We at CG love Nokia, we support them, but that love is scarcely returned when they release phones like the N85 onto an unsuspecting populace.

First, I’d like to offer a reasoned commentary on my personal anger towards the Nokia N-Series line to head off those who might find me biased. The N-Series line is a smartphone line for the 20th century. When they hit the scene in about 2005, in the form of very powerful offerings including the N70, the N90, and the N91, I was very excited. “N-Series” meant smartphones with Symbian that could basically run anything you wanted and were compact and amazingly powerful. The series, sadly, faltered in the US due to carrier disconnects – figurative and literal – and an inability to sell phone one in the US. They gave up and began selling the phones in flagship shops and this, for a time, seemed to work.

Why is the N-Series popular? Because it is the standard smartphone in Europe, much as the Blackberry is the standard smartphone in the United States. They’re unlocked world phones with enough processing power to run a few apps and send an email or two. Not much else. Full stop.

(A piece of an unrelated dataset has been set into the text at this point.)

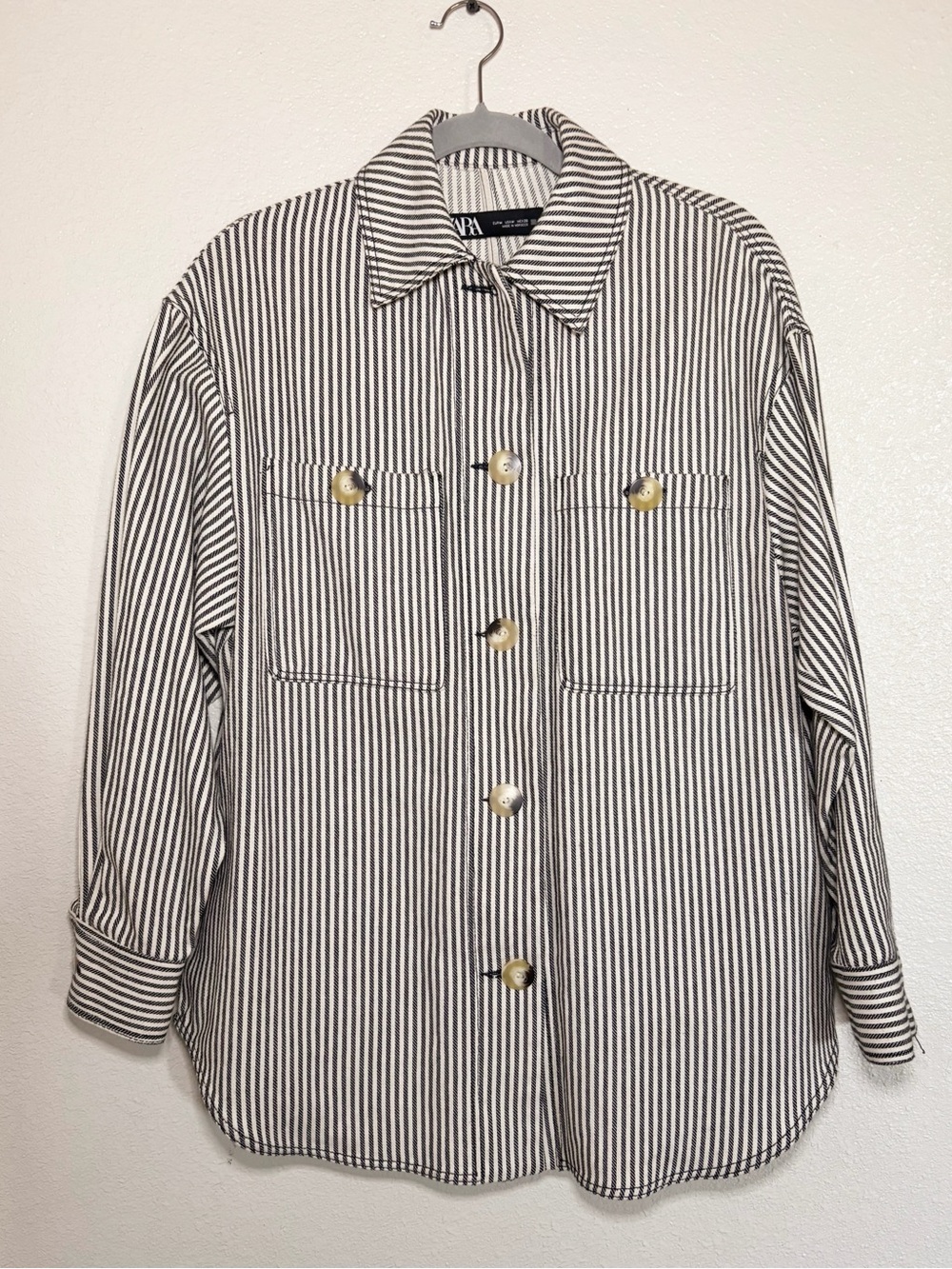 NWOT Zara Long Sleeve Black & White Unlined Jacket OverShirt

I also look forward to seeing the N97 – a keyboard would make most of my concerns evaporate – but I’m still against Symbian on principle as an unusable operating system long past it’s prime. And the N-Series is riding the Symbian train until the end of time. Say what you want, but my biggest issue with this phone is Symbian and I will come from that single point and move from there. Note: I also really loved the E71 because it was a smartphone that made sense. If you are from Europe or you really like T9 typing, do yourself a favor and stop reading.

So: the N85. It comes with an 8 gigabyte memory card, it has music control buttons, and a numeric keypad. It has a 369 MHz ARM processor. It also has WiFi and Bluetooth. It has a 5-megapixel camera. It’s a great phone if you love you some Nokia. And it costs $429. Generally, if I were a calm man, I’d leave it at that.

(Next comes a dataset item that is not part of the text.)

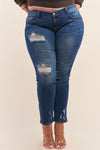 Plus Size Blue Low-Mid Rise Ripped Destroyed Denim Jeans /3-2-1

Sadly, I’m not a calm man. This phone hasn’t changed in five or six iterations since the first N series phones. It is the same thing. It has Wi-Fi now, but big whoop. It has better media playback functions, but the screen is so small it’s not worth watching anything on it. Email is impossible. It’s not a smartphone.

But John, you say, you liked the 7510 for T-Mo. Sure I did. It costs $49, it has lots of “features” but doesn’t bill itself as a business phone. Symbian, at this point, is ready for my Mom. It fits nowhere in the in the modern cellular ecosystem.

Man, I love Nokia. I love their gumption, I love their market share, and I wish them no ill. But please, please, please. Stop it. We’ve all had enough. Processors are fast enough to run legacy apps. Throw this garbage out and reboot.

So there we have it: my anti-Symbian rant. I’m sorry the N85 had to get caught up in all of this. None of this is the N85’s fault. It got caught in the cross-fire. Again – you need an N-series at work? Go get one. It’s like a smaller ThinkPad – rugged, boring, and fully-featured, in theory. Otherwise, let’s wait to see what Nokia has up its sleeve and move on from this long, dark, international nightmare.